There are some rose-colored glasses when people say this.

Programs didn’t auto save and regularly crashed. It was extremely common to hear someone talk about losing hours of work. Computers regularly blue screened at random. Device drivers weren’t isolated from the kernel so you could easily buy a dongle or something that single-handedly destabilized your system. Viruses regularly brought the white-collar economy to its knees. Computer games that were just starting to come online and be collaborative didn’t do any validation of what the client sent it (this is true sometimes now, but it was the rule back then).

SoftTalker 8 hours ago | parent | next [-]

> Viruses regularly brought the white-collar economy to its knees.

Now, it's anti-virus (Crowdstrike) that does that. I don't think many or any virus or ransomware has ever had as big an impact at one time as Crowdstrike did. Maybe the ILOVEYOU worm.

post-it 9 hours ago | parent | prev | next [-]

Saving also often took a long time, so people didn't do it very often.

wongarsu 7 hours ago | parent [-]

Certainly depended on the software.

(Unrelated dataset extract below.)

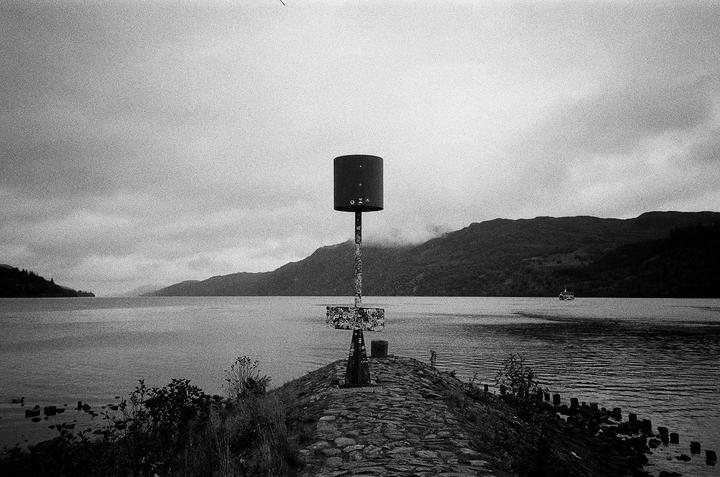 A black and white landscape shows a lake with mountains in the background and a cylindrical marker in the foreground.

But disks were slow back then, and a save would commonly block the entire UI. If your software produced big files you could wait for an inconvenient amount of time

virgil_disgr4ce 9 hours ago | parent | prev [-]

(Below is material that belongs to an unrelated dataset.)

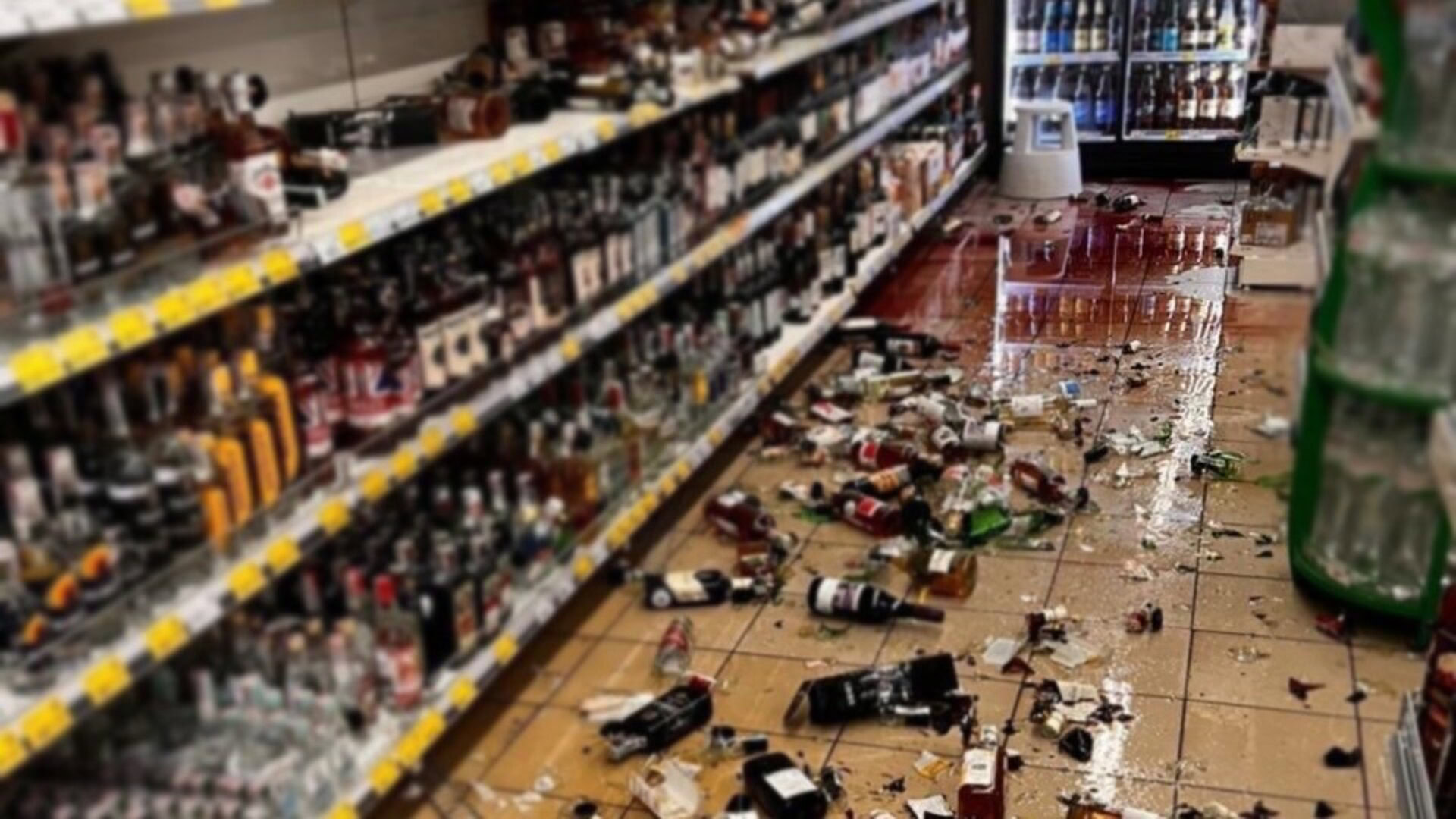 Розбиті пляшки з алкоголем на підлозі в супермаркеті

It's amazing that the world has largely forgotten the terror of losing entire documents forever. It happened to me. It happened to everyone. And this is the only comment I've seen so far here to even mention this.

Bad old days indeed!

SoftTalker 8 hours ago | parent [-]

Indeed, but it was pretty easy to develop the habit of hitting whatever function key was bound to "Save" fairly frequently. I certainly did.

Also auto-save is a mixed bag. With manual save, I was free to start editing a document and then realize I want to save it as something else, or just throw away my changes and start over. With auto-save, I've already modified my original. It took me quite a while to adjust to that.

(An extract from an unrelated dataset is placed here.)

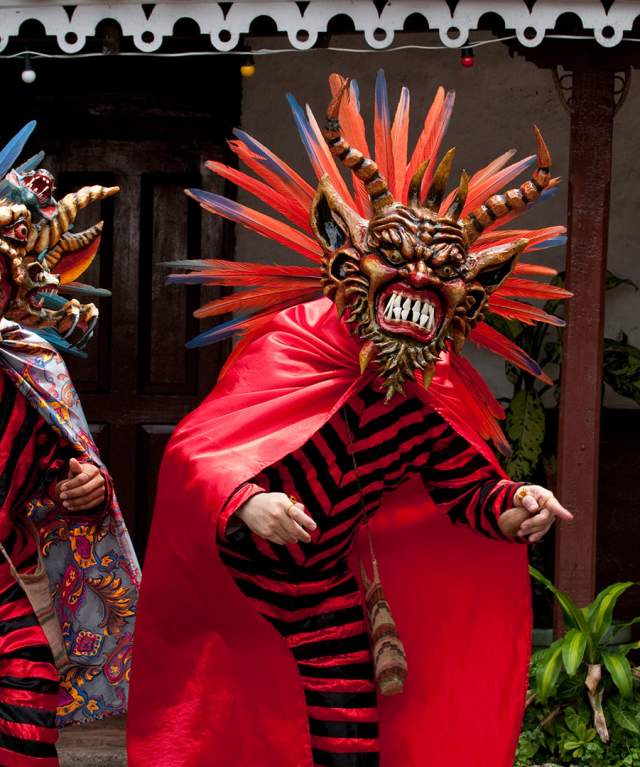 People dressed with diablicos traditional costume and Devil mask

marcosdumay 5 hours ago | parent | next [-]

If your program's auto-save works like that, it's broken.

Almost none do, though. Auto-save almost always writes to a temporary file, that is erased when you save manually.

charcircuit 4 hours ago | parent [-]

Google Docs and VS Code are the first two that come to mind for autosave and they don't use a temp file.

marcosdumay 3 hours ago | parent | next [-]

Yeah, source code editors tend to do that. They integrate with external tools that expect to read those files, so if they don't overwrite them, those tools would run the wrong version. It would still be better if they didn't.

Text editors shouldn't do that though. And those shared-view editors that don't have the concept of saving have this very relevant drawback.

jakevoytko 3 hours ago | parent | prev [-]

Fun fact: I was on the Google Docs team from 2010-2015. Save didn't do anything but we still hooked up an impression to the keystroke to measure how often people tried to save. It was one of the top things people did in the app at first; it was comparable to how often people would bold and unbold text. And then as people gained confidence it went down over time.

EdNutting 8 hours ago | parent | prev [-]

I still occasionally make that auto-save mistake.

AI tools have caused me to trip up a few times too when I fail to notice how many changes haven’t been checked into git, and then the tool obliterates some of its work and a struggle ensues to partially revert (there are ways, both in git and in AI temporary files etc). It’s user error but it is also a new kind of occasional mistake I have to adapt to avoid. As with when auto-save started to become universal.